Cytological morphology and culture comparison
Superficial culture was not available for eight of the cases in which coccoid bacteria were noted on cytology. The morphology of the bacteria identified on surface cytology correlated with that of bacteria isolated from 14 of 22 (64%) of the superficial cultures and 17 of 31 (58%) of the deep cultures. In two of 22 cases (9%) with no bacterial growth on surface culture, coccoid bacteria were present on cytology. No bacteria were observed on cytology in two cases (9%) from which S. intermedius was cultured both superficially and deep. In four of 22 (18%) of the cases in which superficial culture was performed, bacterial rods were not detected by cytology, despite growth of Pseudomonas spp. (3) and Proteus mirabilis (1). Rods were noted on cytology in one case (5%) in which no rod-shaped bacteria were cultured either superficially or deep. No Malassezia organisms were noted on cytological evaluation.
Culture comparison
Combining the superficial and deep tissue results, bacterial growth was observed in 30 of 31 (97%) dogs. Twenty-two bacterial isolates were obtained from the 19 cases with positive growth on superficial cutaneous culture and 36 species were isolated from the 29 cases with positive growth on deep tissue culture, yielding a total of 58 positive bacterial isolates (Table 2). These were mainly staphylococcal species, especially S. intermedius, Enterobacter spp., and Pseudomonas spp.

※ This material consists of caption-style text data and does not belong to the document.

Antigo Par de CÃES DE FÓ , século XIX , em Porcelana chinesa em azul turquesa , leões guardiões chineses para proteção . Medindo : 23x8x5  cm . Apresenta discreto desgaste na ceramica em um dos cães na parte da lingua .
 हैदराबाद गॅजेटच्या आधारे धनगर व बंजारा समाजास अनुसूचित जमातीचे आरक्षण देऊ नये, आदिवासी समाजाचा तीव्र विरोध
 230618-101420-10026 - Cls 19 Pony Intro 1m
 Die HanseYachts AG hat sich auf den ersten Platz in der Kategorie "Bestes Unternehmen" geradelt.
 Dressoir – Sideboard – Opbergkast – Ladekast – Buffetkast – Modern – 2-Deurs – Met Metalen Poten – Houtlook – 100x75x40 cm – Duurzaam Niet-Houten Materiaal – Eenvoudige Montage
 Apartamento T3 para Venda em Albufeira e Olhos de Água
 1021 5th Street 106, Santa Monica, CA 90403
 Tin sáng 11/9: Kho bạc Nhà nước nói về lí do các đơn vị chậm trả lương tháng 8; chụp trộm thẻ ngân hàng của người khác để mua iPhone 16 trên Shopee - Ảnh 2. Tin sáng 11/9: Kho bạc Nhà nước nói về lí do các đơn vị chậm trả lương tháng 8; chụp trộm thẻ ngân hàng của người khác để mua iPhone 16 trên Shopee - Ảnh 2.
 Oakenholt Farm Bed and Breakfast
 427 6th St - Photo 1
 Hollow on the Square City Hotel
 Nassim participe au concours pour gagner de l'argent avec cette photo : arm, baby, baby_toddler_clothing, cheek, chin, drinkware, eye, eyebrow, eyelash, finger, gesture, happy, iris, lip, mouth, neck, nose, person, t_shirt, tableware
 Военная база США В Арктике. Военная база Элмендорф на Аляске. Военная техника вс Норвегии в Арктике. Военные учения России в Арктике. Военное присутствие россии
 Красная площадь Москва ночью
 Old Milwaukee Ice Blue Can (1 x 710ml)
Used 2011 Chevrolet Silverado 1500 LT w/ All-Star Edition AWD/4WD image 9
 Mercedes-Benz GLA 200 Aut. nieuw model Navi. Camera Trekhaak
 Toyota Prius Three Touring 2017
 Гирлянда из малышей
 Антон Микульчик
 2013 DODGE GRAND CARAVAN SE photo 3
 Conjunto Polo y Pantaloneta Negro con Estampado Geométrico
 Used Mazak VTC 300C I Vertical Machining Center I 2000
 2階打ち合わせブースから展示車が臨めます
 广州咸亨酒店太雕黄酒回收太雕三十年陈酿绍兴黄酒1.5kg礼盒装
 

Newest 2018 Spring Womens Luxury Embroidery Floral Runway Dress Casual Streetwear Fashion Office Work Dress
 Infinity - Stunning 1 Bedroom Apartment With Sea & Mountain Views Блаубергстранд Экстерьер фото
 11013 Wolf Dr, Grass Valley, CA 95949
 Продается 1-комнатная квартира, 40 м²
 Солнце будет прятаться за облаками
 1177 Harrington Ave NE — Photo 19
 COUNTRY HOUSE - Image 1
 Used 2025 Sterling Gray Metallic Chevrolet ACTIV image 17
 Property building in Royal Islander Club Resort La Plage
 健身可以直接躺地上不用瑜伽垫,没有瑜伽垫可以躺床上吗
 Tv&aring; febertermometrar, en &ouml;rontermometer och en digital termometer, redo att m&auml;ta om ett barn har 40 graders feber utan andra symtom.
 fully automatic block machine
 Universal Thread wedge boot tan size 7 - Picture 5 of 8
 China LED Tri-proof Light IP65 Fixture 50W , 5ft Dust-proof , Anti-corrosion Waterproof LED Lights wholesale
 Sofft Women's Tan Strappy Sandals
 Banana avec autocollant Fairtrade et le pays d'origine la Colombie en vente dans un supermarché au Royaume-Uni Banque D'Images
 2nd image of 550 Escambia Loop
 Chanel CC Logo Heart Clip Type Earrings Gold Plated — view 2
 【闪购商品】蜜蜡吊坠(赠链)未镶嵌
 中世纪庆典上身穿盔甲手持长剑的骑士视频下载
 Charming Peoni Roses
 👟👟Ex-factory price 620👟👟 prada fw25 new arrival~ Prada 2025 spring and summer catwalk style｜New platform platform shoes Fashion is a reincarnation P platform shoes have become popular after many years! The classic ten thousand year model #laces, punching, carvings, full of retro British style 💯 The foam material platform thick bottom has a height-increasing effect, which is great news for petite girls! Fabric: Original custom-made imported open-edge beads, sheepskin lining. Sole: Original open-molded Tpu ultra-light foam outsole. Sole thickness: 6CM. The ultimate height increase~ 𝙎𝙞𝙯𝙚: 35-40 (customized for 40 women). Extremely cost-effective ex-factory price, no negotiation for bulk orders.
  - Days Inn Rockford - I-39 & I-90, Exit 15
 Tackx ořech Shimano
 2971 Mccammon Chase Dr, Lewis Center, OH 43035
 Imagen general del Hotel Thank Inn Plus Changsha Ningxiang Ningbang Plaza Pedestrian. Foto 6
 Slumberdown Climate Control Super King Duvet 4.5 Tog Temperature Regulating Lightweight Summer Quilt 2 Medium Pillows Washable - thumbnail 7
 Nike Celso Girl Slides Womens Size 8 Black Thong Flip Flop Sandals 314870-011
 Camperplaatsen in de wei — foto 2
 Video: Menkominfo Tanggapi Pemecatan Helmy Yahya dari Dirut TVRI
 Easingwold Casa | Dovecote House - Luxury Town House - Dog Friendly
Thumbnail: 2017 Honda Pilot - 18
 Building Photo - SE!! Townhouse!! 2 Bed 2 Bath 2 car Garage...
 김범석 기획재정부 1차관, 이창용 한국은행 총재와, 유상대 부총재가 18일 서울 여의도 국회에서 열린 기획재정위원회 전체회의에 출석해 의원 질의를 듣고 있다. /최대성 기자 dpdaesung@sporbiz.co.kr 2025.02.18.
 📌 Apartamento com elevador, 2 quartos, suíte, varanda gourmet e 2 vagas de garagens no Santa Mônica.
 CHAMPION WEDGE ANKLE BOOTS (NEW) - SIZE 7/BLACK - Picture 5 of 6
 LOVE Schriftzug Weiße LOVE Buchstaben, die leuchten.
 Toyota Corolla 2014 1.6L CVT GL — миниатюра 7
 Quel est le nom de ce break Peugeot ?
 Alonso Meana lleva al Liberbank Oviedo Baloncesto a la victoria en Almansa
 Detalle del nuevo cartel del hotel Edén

For comparison of results from superficial and deep culture, isolates were considered different if the species isolated or the antibiotic susceptibility profile of isolates of the same species differed. Genotypic characterization was not performed on bacterial isolates to confirm that the same species isolated were separate strains. In eight of 22 cases (36%), the superficial and deep culture results agreed in both species and susceptibility patterns. In the remaining 14 cases, six (27%) exhibited different bacterial species, five (23%) had the same but with different susceptibility patterns, two (9%) were negative on superficial culture but positive on deep tissue culture, and one (5%) was negative on deep tissue culture but positive on superficial culture. Thus, only 36% of cases were in complete agreement with respect to species isolated and antibacterial susceptibility patterns from the deep and superficial cultures (Table 4).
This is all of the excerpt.